Yeah OP, I would not even tread there. Put the money into ammo and practice, then you won't need a fully automatic firearm. JMHO


----------



## otasan56 (Nov 15, 2017)

A full-auto Glock is a waste of money and effort. There's no way I would use one for SD. The 'press and prosecutors would have a field day.


----------



## high pockets (Apr 25, 2011)

Steve M1911A1 said:


> Golly! If I get 20-30 years for _good_ behavior, what do I get for committing a crime? :smt033


Probation, if you have the right contacts!


----------



## Steve M1911A1 (Feb 6, 2008)

Anyone who would want a full-auto pistol has never fired a full-auto weapon at anything.

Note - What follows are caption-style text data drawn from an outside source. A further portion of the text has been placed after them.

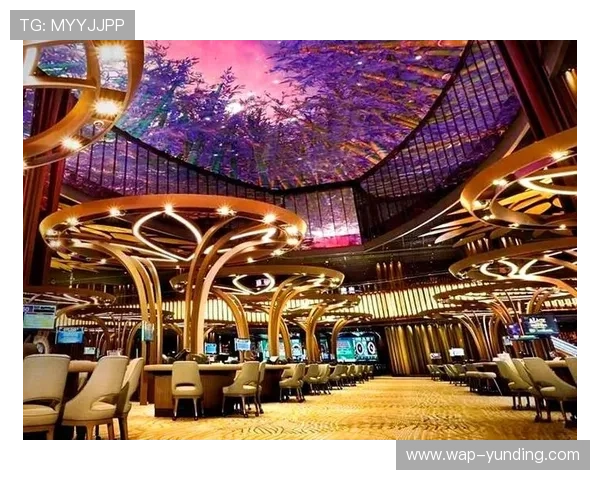 马来西亚云顶赌城好不好赢钱详细分析与实战技巧推荐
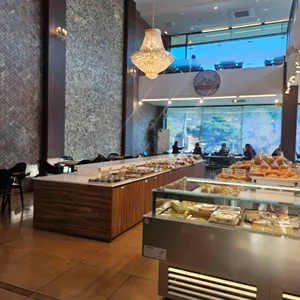 남한산성빵명장 사진 1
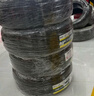 邓禄普（DUNLOP）汽车轮胎 205/55R16 91V VEURO VE302 适配朗逸/速腾/雷凌/比亚迪 实拍图
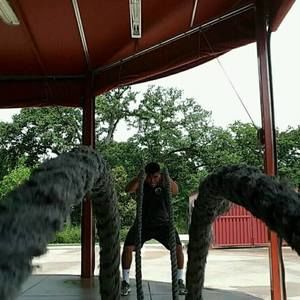 Meet your Posher, Cameron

This is particularly true of lightweight Combat Tupperware, with very little mass to help maintain control.


----------



## Cait43 (Apr 4, 2013)

You know what Grandpa always said *"It is only illegal if you get caught"........ * :mrgreen:


----------



## BackyardCowboy (Aug 27, 2014)

Cait43 said:


> You know what Grandpa always said *"It is only illegal if you get caught"........ * :mrgreen:


I thought your Grandpa was Al Capone.


----------



## DJ Niner (Oct 3, 2006)

Yes, definitely illegal in the USA for non-LE users (some Police Departments may be allowed to use these, and because of that, some Federally-licensed full-auto firearm dealers may be allowed to buy and own one for demonstration purposes). If you'd like to get some negative attention, you could always run a search for online videos that show these being used. :mrgreen:

And due to the illegality, and our rules which prohibit discussion of illegal items/actions, I'm going to close this discussion now. 

This was a valid question, and there will be no sanctions for anyone who discussed it, but let's please keep the rules in mind, folks.


----------